Nonostante le apparenze, la seconda parte dell’art. 192 d.lgs. 152/2006, presuppone, simmetricamente rispetto alla prima parte della stessa norma, che obbligato alla bonifica sia colui che abbia concorso con l’autore materiale dell’abbandono dei rifiuti.
Una interpretazione diversa trascurerebbe il dato formale che l’art. 255, comma 3, punisce chi non ottemperi all’ordinanza del Sindaco emessa proprio ai sensi «dell’art. 192, comma 2» rendendo così palese lo stretto collegamento logico tra le due norme.

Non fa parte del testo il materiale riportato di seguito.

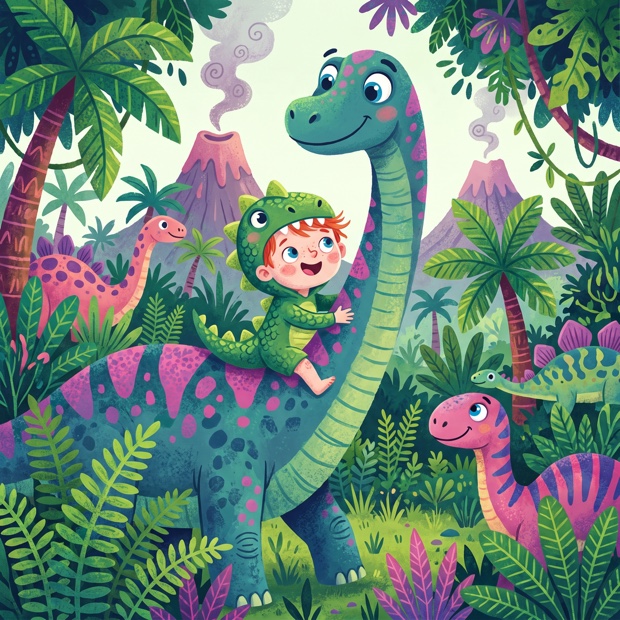 A child illustrated in the Dinosaur world style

La giurisprudenza, in proposito, ha precisato che mentre l’obbligo di rimozione riguarda i responsabili dell’abbandono di rifiuti e i proprietari del terreno inquinato, quello di ottemperanza all’ordinanza sindacale è rivolto ai destinatari formali dell’ordinanza stessa. Il reato conseguente, pertanto, è un reato proprio che può essere commesso solo dai destinatari formali dell’ordinanza, gli elementi essenziali della fattispecie penale sono dunque l’esistenza di un’ordinanza sindacale di rimozione dei rifiuti e la condotta di inottemperanza dei destinatari del provvedimento178.
Il momento consumativo del reato va individuato nella maturazione dei termini previsti nell’ordinanza sindacale, da considerarsi perentori, considerato che alla loro scadenza nasce l’obbligo per il comune di procedere all’esecuzione in danno.